== Segment start ==

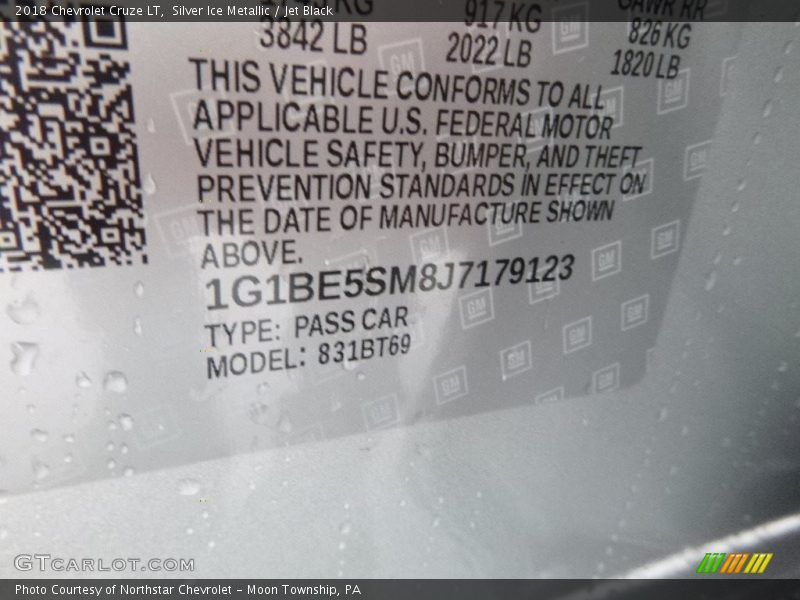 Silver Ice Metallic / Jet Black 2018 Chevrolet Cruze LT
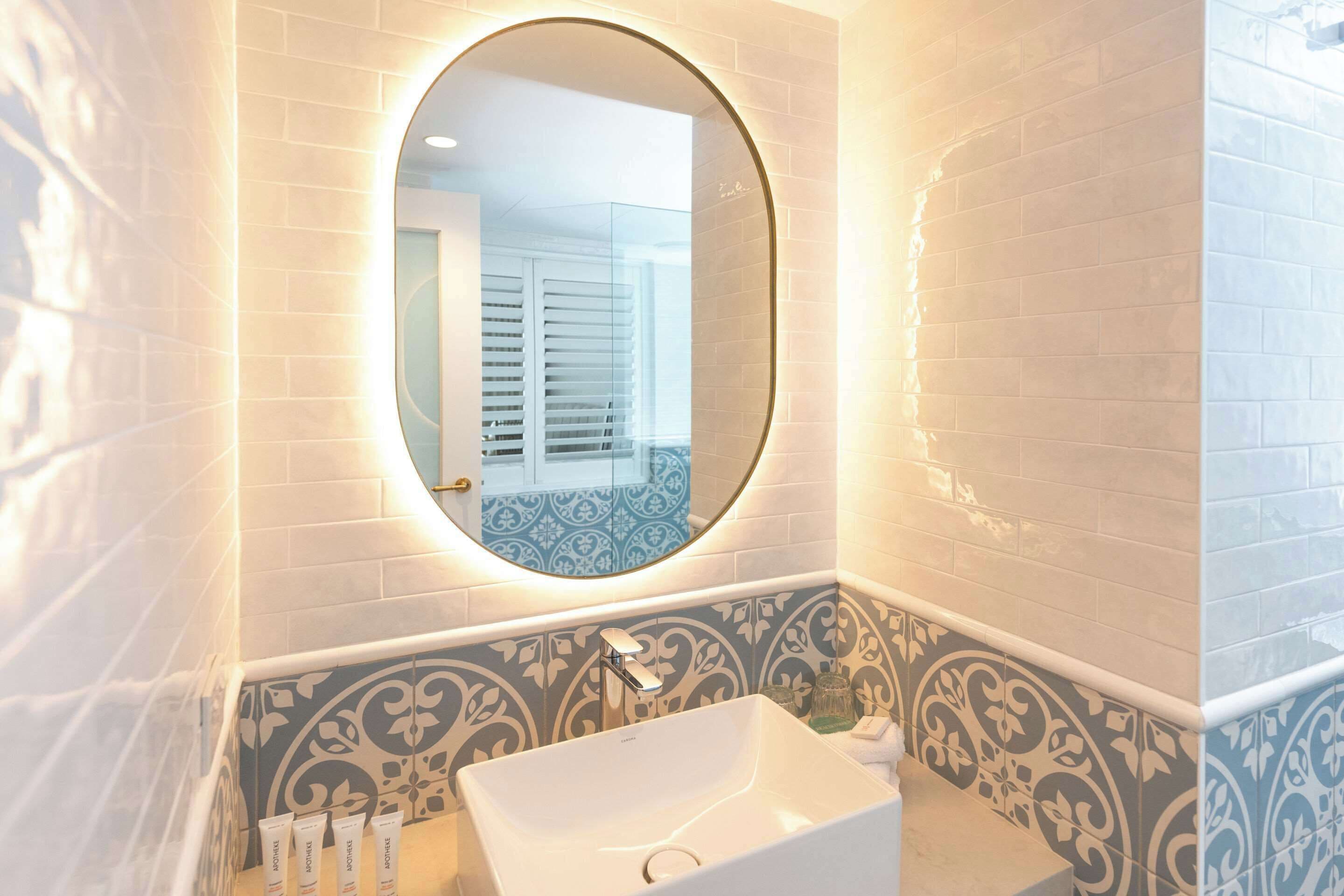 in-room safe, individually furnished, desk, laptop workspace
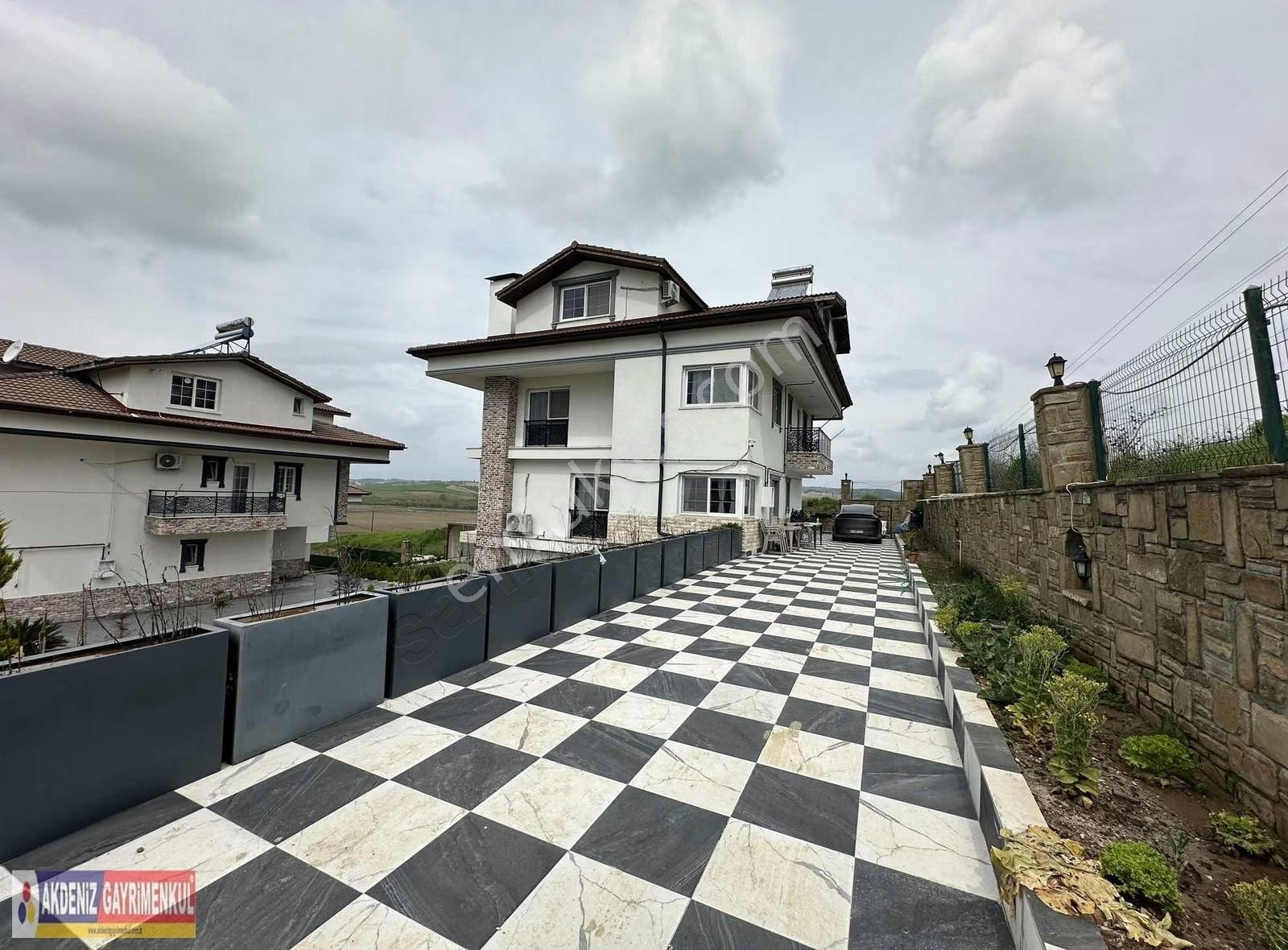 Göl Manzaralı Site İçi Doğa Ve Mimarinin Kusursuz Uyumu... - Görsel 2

== Segment end ==
== Segment start ==

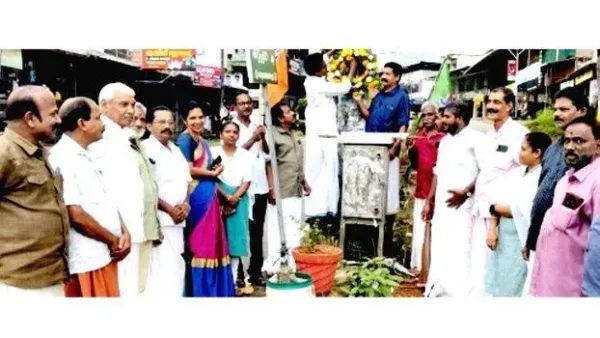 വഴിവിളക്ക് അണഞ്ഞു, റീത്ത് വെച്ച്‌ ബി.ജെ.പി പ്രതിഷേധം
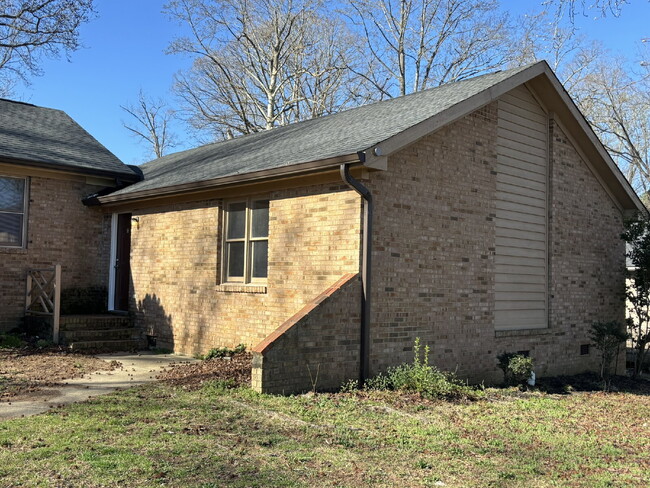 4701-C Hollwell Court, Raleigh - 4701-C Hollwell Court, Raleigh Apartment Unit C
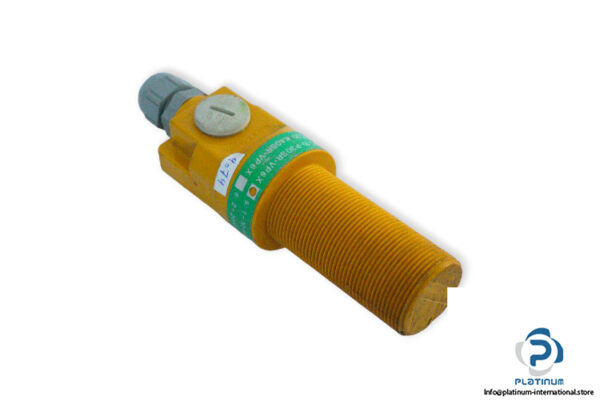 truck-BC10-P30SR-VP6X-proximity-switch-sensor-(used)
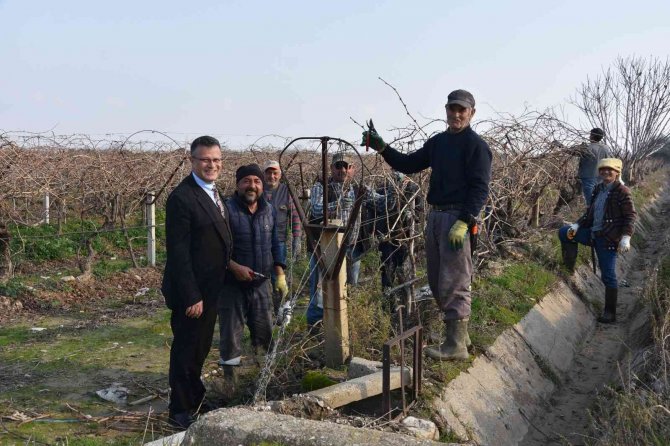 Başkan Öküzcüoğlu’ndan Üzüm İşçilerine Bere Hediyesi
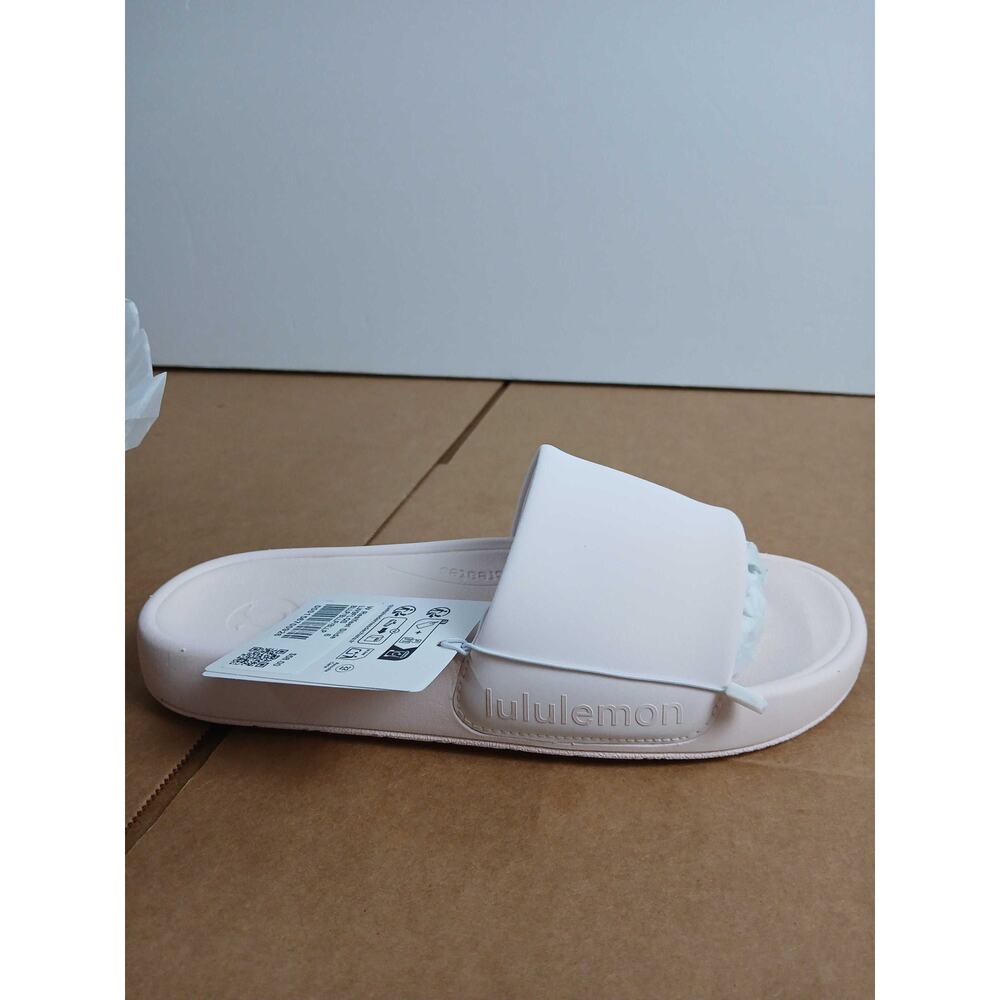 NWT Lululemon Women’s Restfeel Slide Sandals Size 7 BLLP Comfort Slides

== Segment end ==

The data above holds the lines to copy: start at the one with "വഴിവിളക്ക് അണഞ്ഞു, റീത്ത്", stop at the one with "NWT Lululemon Women’s", include both, copy them exactly without pictures, and copy nothing else.

 വഴിവിളക്ക് അണഞ്ഞു, റീത്ത് വെച്ച്‌ ബി.ജെ.പി പ്രതിഷേധം
 4701-C Hollwell Court, Raleigh - 4701-C Hollwell Court, Raleigh Apartment Unit C
 truck-BC10-P30SR-VP6X-proximity-switch-sensor-(used)
 Başkan Öküzcüoğlu’ndan Üzüm İşçilerine Bere Hediyesi
 NWT Lululemon Women’s Restfeel Slide Sandals Size 7 BLLP Comfort Slides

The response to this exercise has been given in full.